» What you will do
Leave out the pictures. Return every record otherwise untouched.

» Source data
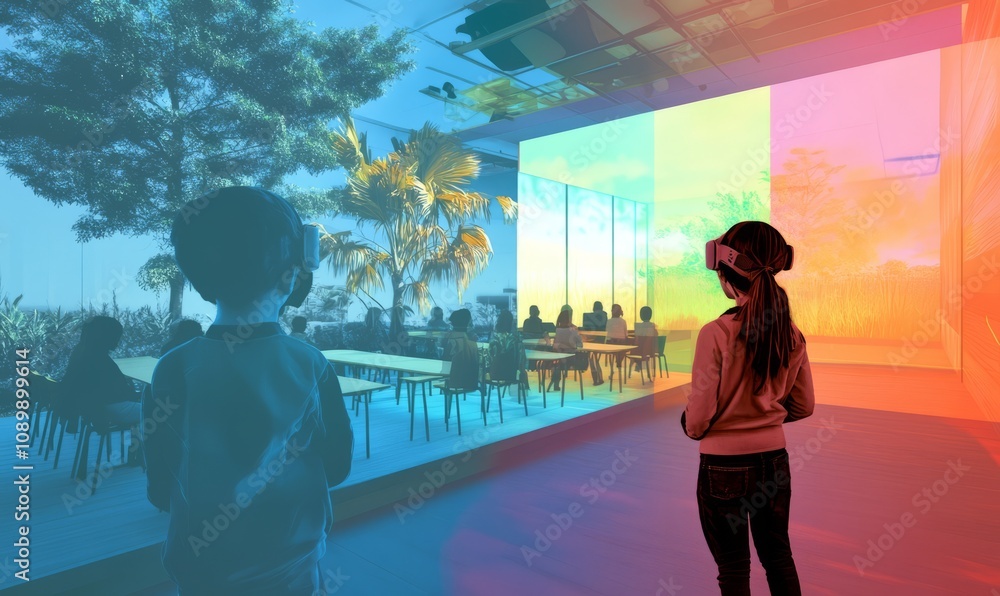 Poster Virtual classrooms Creating immersive and inclusive learning environments --ar 5:3 --v 6.1 Job ID: 301089f2-da7d-4f46-9be7-db4d9ce3d393
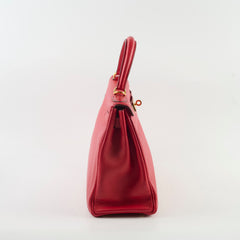 Hermes Kelly 28 Clemence Rouge Vif? - Square I Stamp
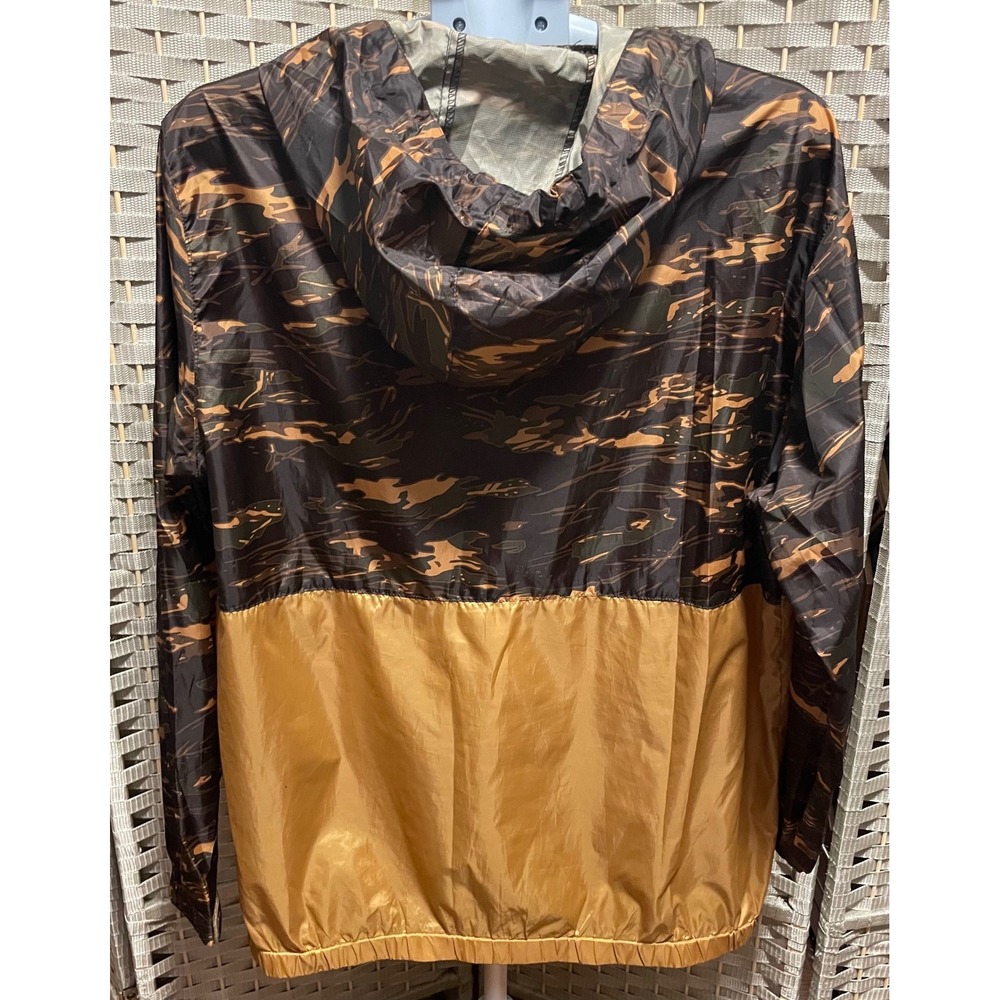 Ecko Unltd Mens Tiger Stripe Camo Half Zip Windbreaker Jacket Gold Brown Large - Picture 6 of 11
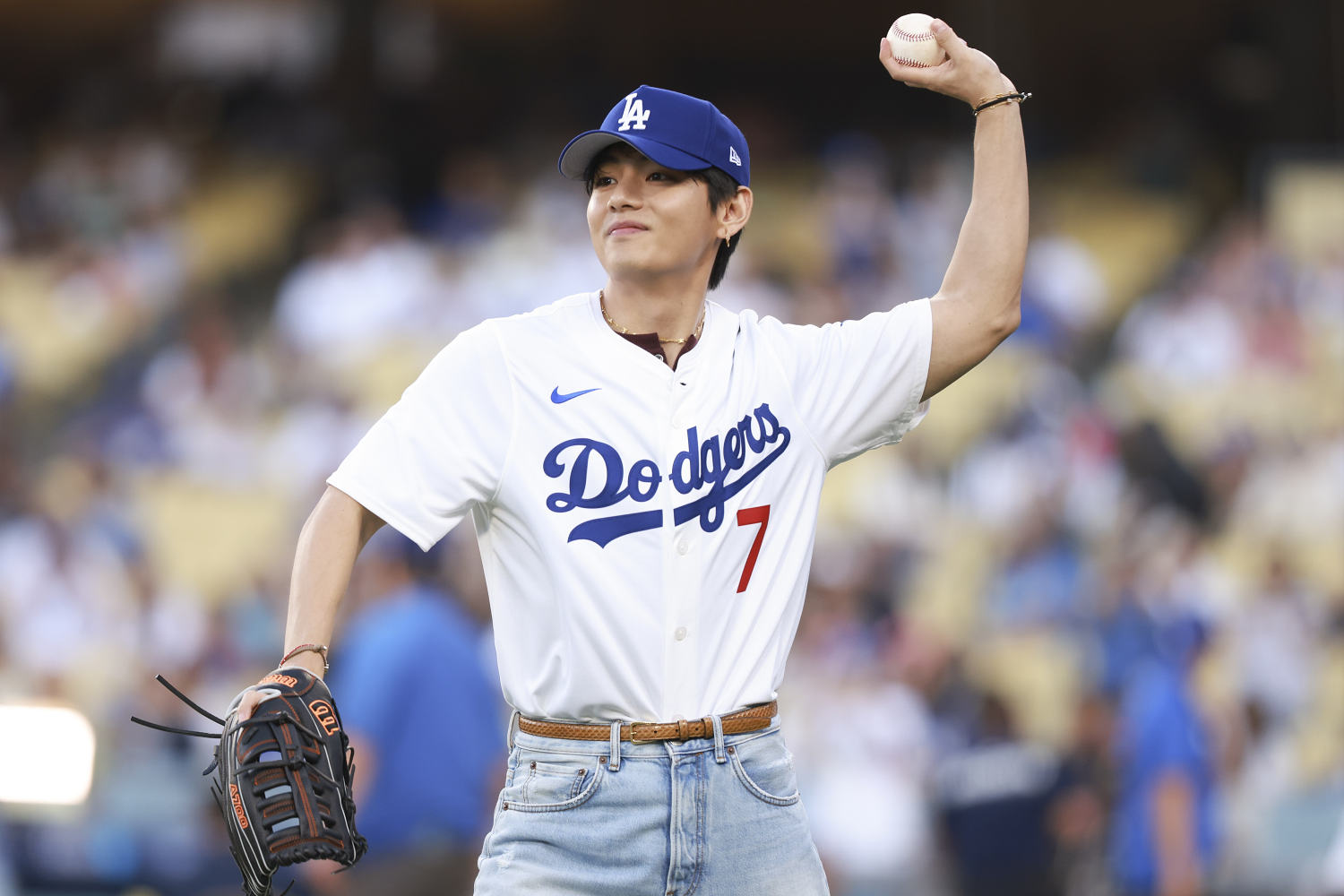 V From BTS Throws First Pitch at Dodgers Game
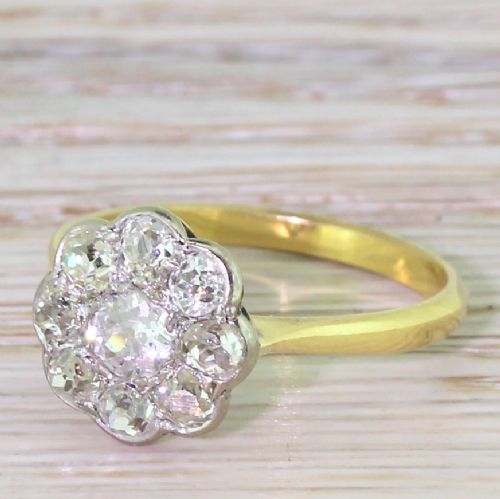 Art Deco 1.60 Carat Old Cut Diamond Daisy Cluster Ring, Circa 1925

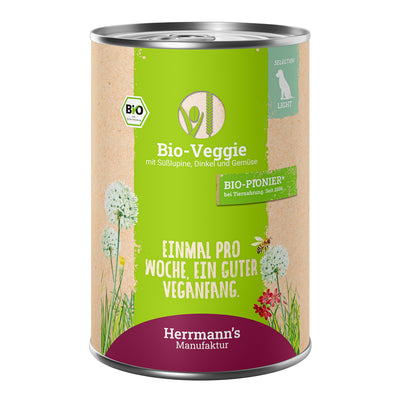 Herrmann's Veggie mit weisser Süsslupine und Dinkel Nassfutter für Hunde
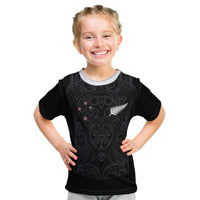 Custom Aotearoa Rugby Kid T Shirt Fern Blacks-Traditional Maori Motifs Design LT03 Black - Polynesian Pride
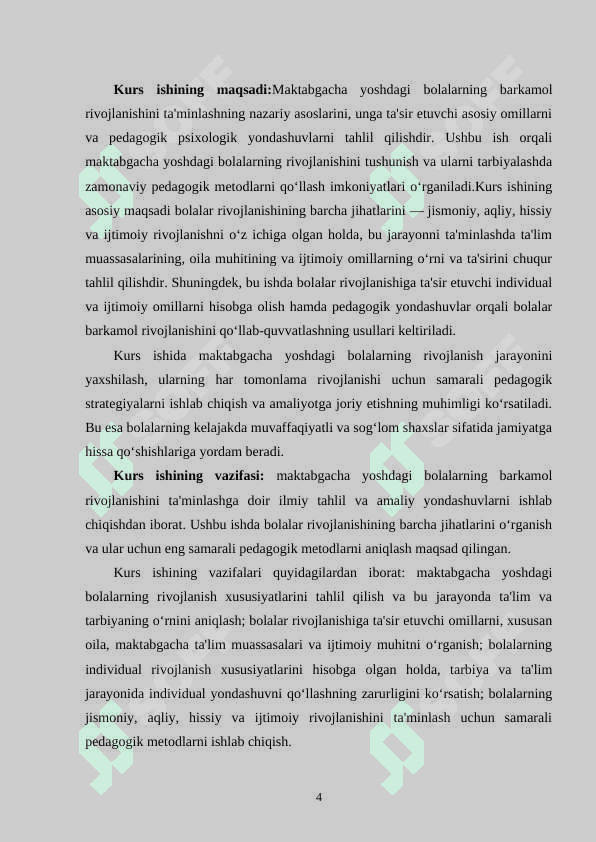MAKTABGACHA YOSHDAGI TARBIYALANUVCHILARNING BARKAMOL RIVOJLANISHI TO’G’RISIDAGI QARASHLAR TAXLILI 4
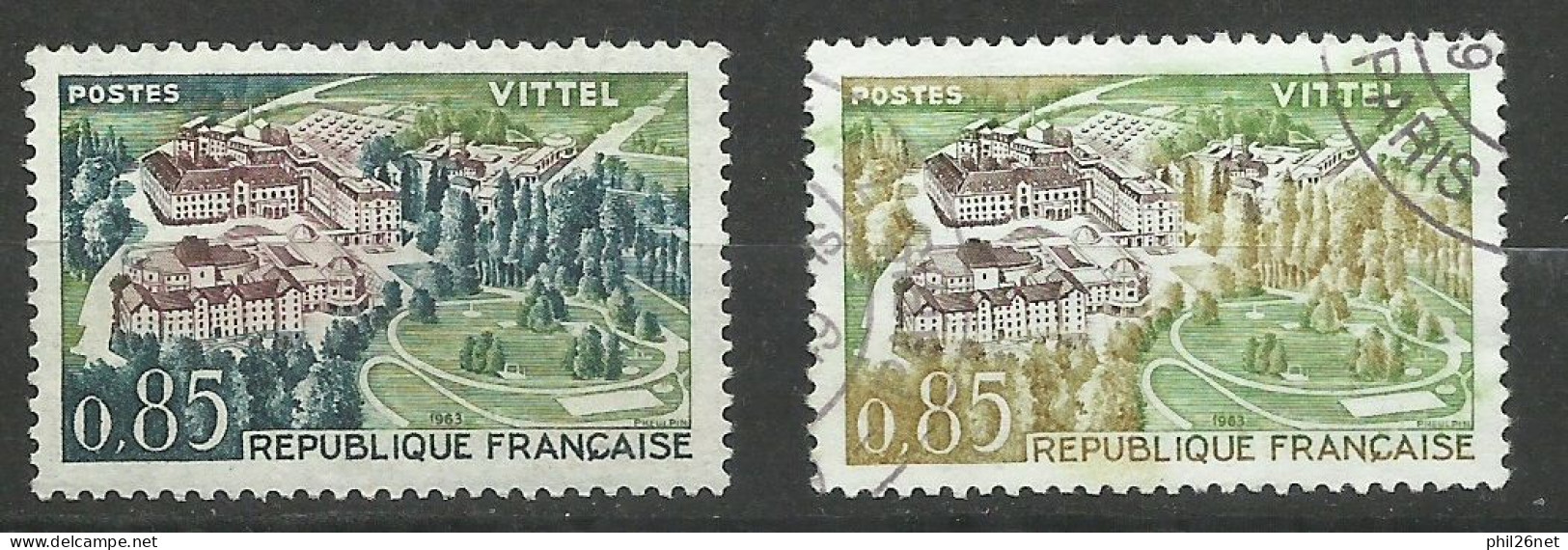France N°1393   Vittel  Brun Et Ocre    Oblitéré  B/TB Le 1393   Pour Comparer     Voir Scans     Soldé ! ! ! - Used Stamps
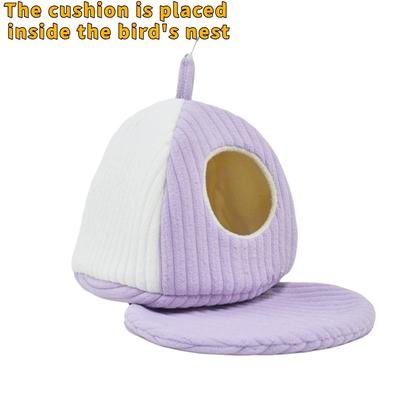 Cozy Thickened Warm Parrot Nest Soft Comfortable Bird House Washable Fleece-lined Bird Bed Nest for Parrots Finches Parakeet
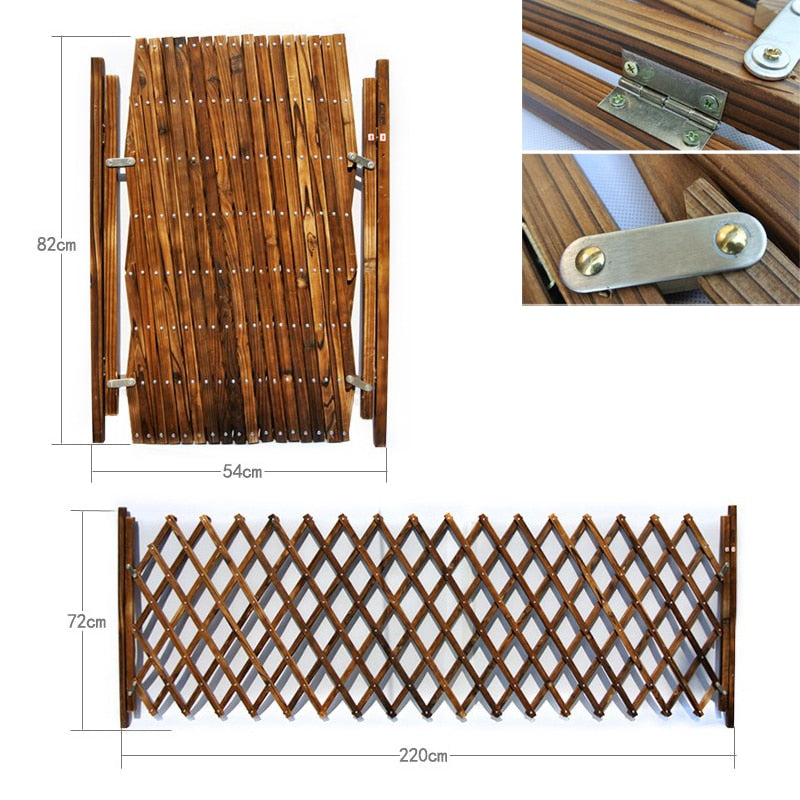 Natural Bamboo Dog Isolation Gate Baby Protection Pet Isolation Fence  Simple Stretchable Wooden Fence Easy Install 72X220cm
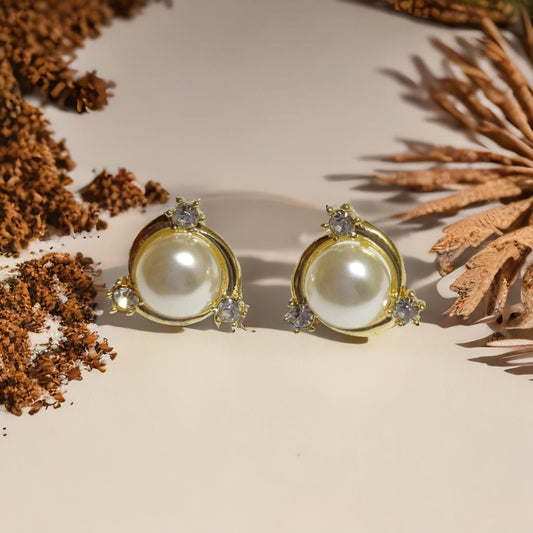3D Pearl Studs -  Golden
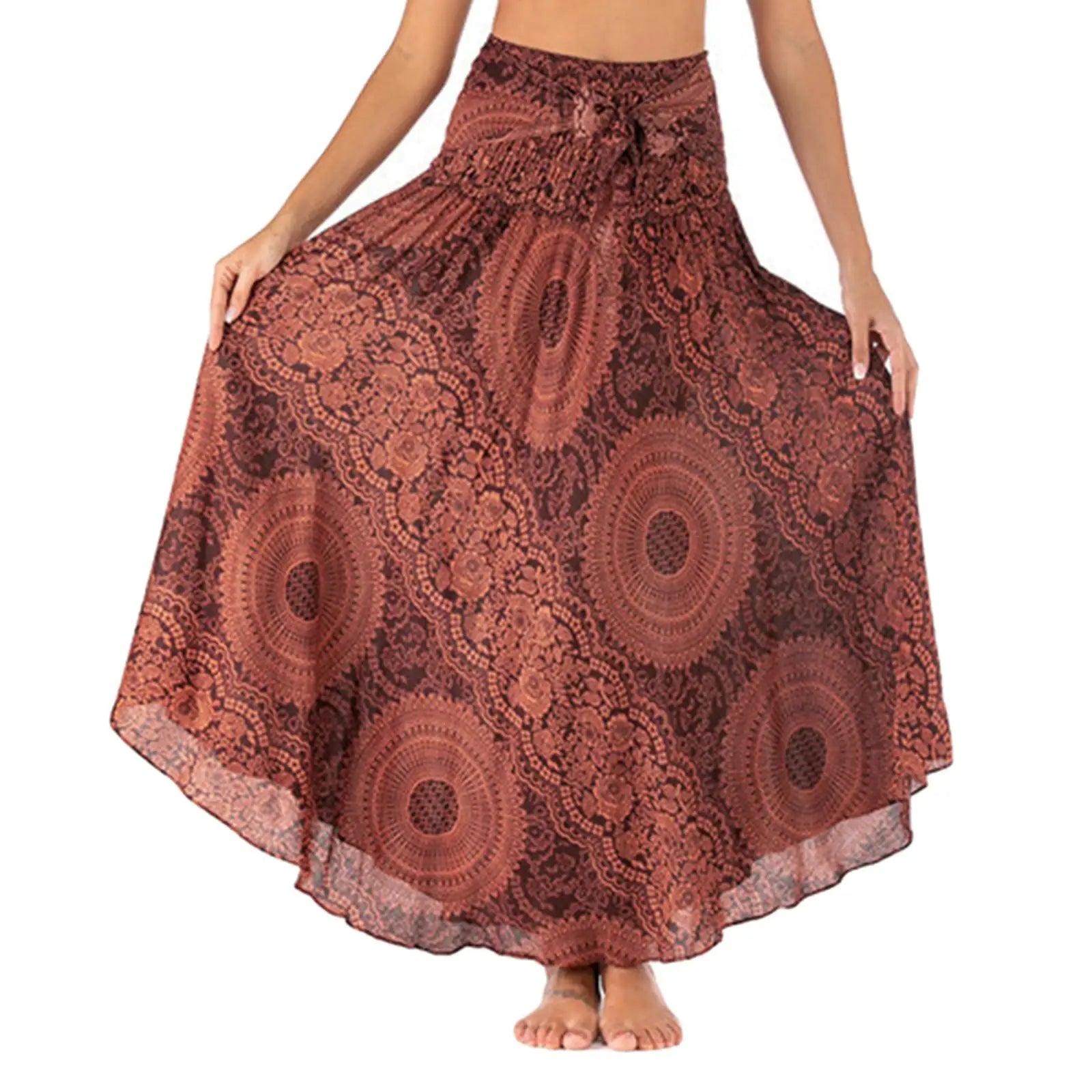 Faldas de moda para mujer con estampado floral, cintura elástica y falda tipo disfraz.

» Your solution
 Poster Virtual classrooms Creating immersive and inclusive learning environments --ar 5:3 --v 6.1 Job ID: 301089f2-da7d-4f46-9be7-db4d9ce3d393
 Hermes Kelly 28 Clemence Rouge Vif? - Square I Stamp
 Ecko Unltd Mens Tiger Stripe Camo Half Zip Windbreaker Jacket Gold Brown Large - Picture 6 of 11
 V From BTS Throws First Pitch at Dodgers Game
 Art Deco 1.60 Carat Old Cut Diamond Daisy Cluster Ring, Circa 1925

 Herrmann's Veggie mit weisser Süsslupine und Dinkel Nassfutter für Hunde
 Custom Aotearoa Rugby Kid T Shirt Fern Blacks-Traditional Maori Motifs Design LT03 Black - Polynesian Pride
MAKTABGACHA YOSHDAGI TARBIYALANUVCHILARNING BARKAMOL RIVOJLANISHI TO’G’RISIDAGI QARASHLAR TAXLILI 4
France N°1393   Vittel  Brun Et Ocre    Oblitéré  B/TB Le 1393   Pour Comparer     Voir Scans     Soldé ! ! ! - Used Stamps
 Cozy Thickened Warm Parrot Nest Soft Comfortable Bird House Washable Fleece-lined Bird Bed Nest for Parrots Finches Parakeet
 Natural Bamboo Dog Isolation Gate Baby Protection Pet Isolation Fence  Simple Stretchable Wooden Fence Easy Install 72X220cm
3D Pearl Studs -  Golden
 Faldas de moda para mujer con estampado floral, cintura elástica y falda tipo disfraz.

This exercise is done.